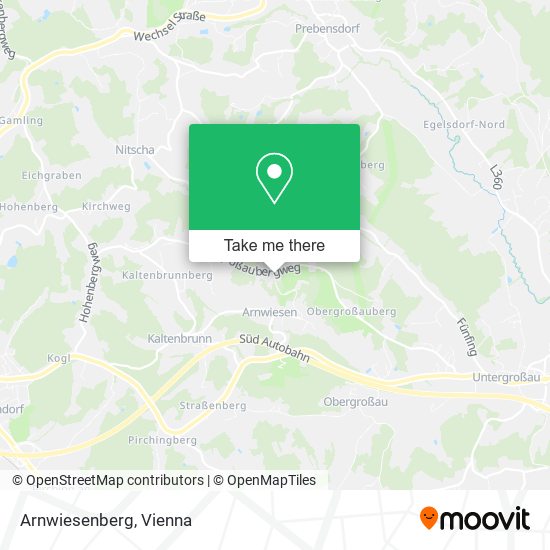 Arnwiesenberg map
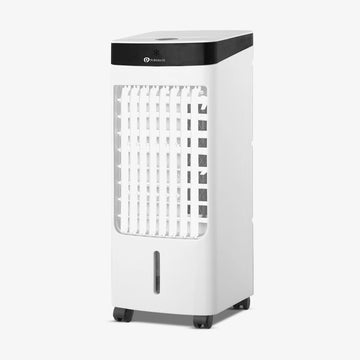 4L Portable Air Cooler with 4 Operating Modes, LED Display, Timer & Remote Control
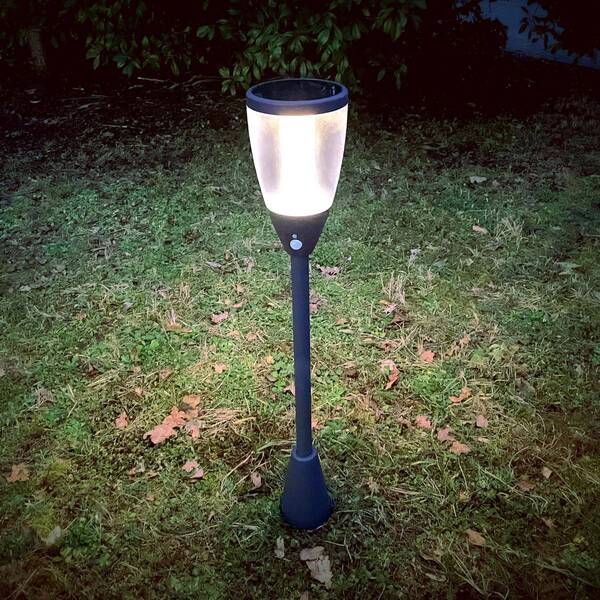  Megatron Megatron Ondin Bolardo Luminoso Solar Led Sensor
#####
- _Try it_
Repeat each line of the material exactly, and drop any image it carries.

- _Solved problem_
 Arnwiesenberg map
 4L Portable Air Cooler with 4 Operating Modes, LED Display, Timer & Remote Control
  Megatron Megatron Ondin Bolardo Luminoso Solar Led Sensor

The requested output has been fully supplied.